**Problem details**: A faithful, picture-free copy of the listing below is required.

**Data extract**:
====================
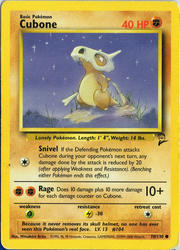 Base Set 2 70/130 Cubone
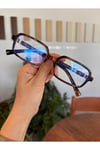 Miux mi Metal Aksesuarlı Kare Güneş Gözlüğü Miux Şık unisex Model Uv400 Koruma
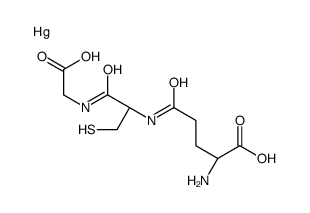 (2S)-2-amino-5-[[(2R)-1-(carboxymethylamino)-1-oxo-3-sulfanylpropan-2-yl]amino]-5-oxopentanoic acid,methylmercury Structure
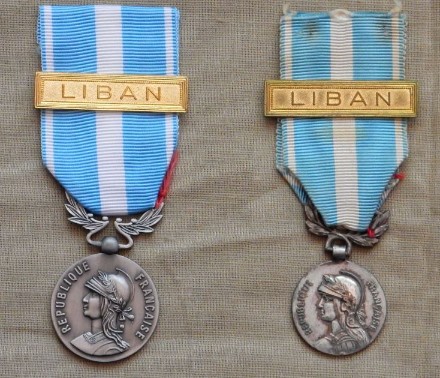  Médaille d'Outre Mer systématiquement décernée aux participants de la FINUL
====================
**Result for this exercise**:
 Base Set 2 70/130 Cubone
 Miux mi Metal Aksesuarlı Kare Güneş Gözlüğü Miux Şık unisex Model Uv400 Koruma
 (2S)-2-amino-5-[[(2R)-1-(carboxymethylamino)-1-oxo-3-sulfanylpropan-2-yl]amino]-5-oxopentanoic acid,methylmercury Structure
  Médaille d'Outre Mer systématiquement décernée aux participants de la FINUL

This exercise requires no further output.